#### [PROVIDED MATERIAL]
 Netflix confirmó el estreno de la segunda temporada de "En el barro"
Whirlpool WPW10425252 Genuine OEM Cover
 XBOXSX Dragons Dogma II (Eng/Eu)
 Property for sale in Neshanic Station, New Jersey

* * *

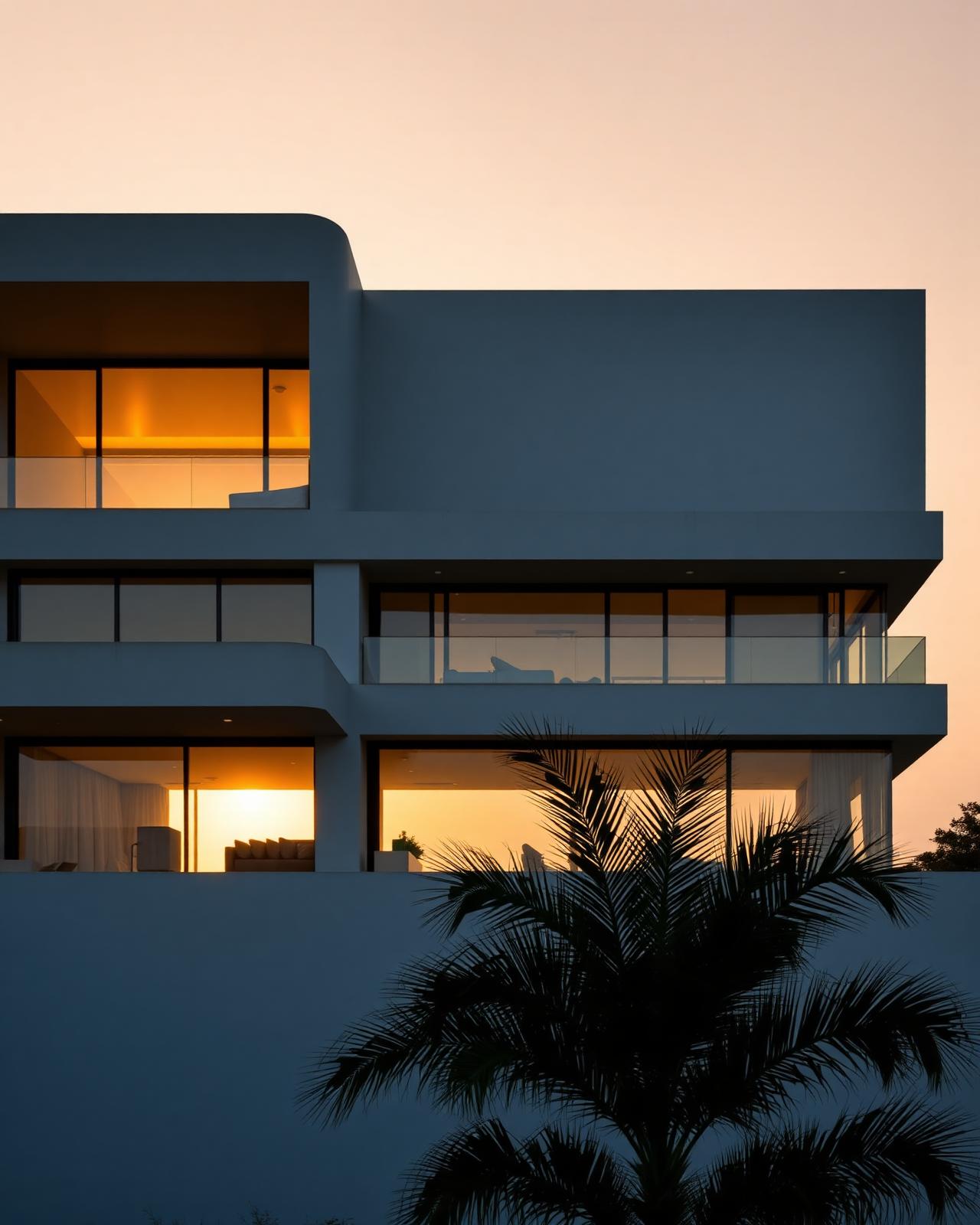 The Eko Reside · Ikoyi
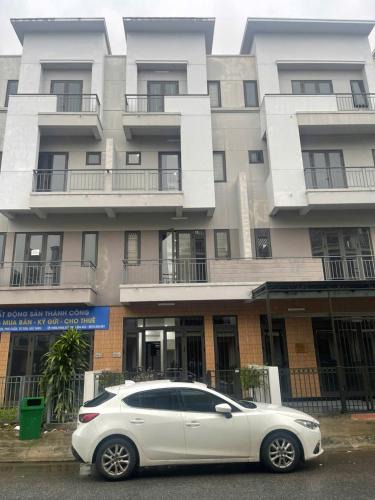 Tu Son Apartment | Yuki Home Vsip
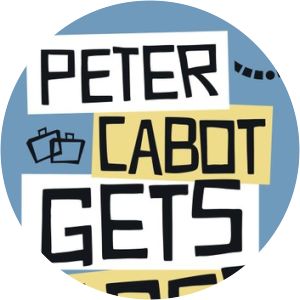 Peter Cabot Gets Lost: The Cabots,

...

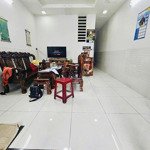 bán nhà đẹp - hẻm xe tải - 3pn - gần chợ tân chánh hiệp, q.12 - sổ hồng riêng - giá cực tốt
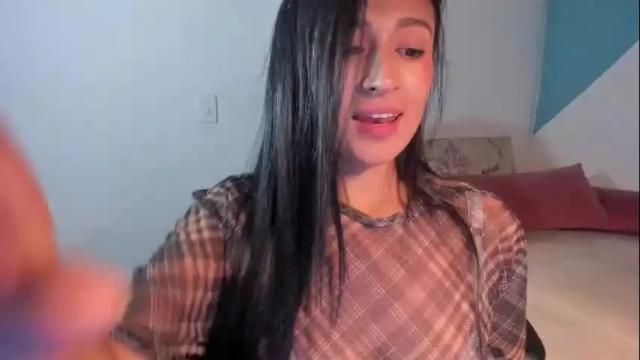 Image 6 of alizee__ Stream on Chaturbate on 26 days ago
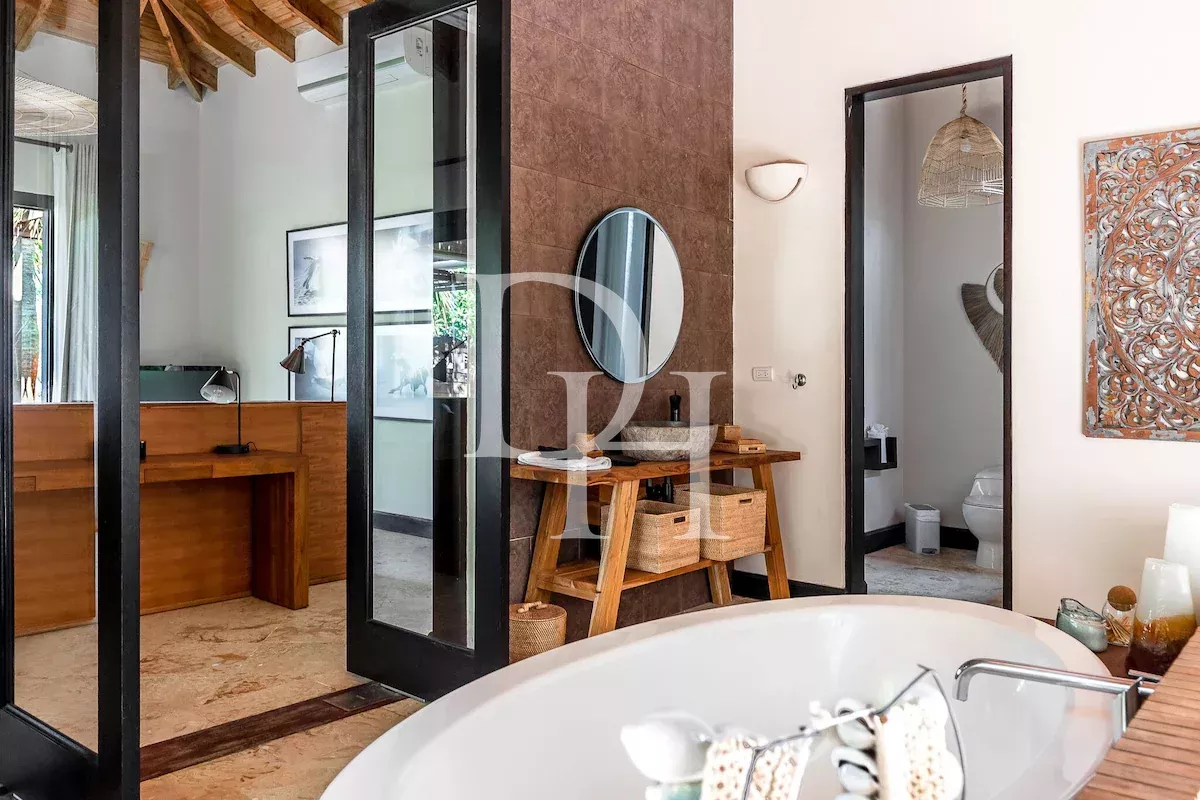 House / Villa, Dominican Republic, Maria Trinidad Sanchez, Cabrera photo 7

#### [WHAT IS EXPECTED]
Reproduce only the lines above spanning from the line containing "Netflix confirmó el" through the line containing "Property for sale", word for word.

#### [TASK OUTPUT]
 Netflix confirmó el estreno de la segunda temporada de "En el barro"
Whirlpool WPW10425252 Genuine OEM Cover
 XBOXSX Dragons Dogma II (Eng/Eu)
 Property for sale in Neshanic Station, New Jersey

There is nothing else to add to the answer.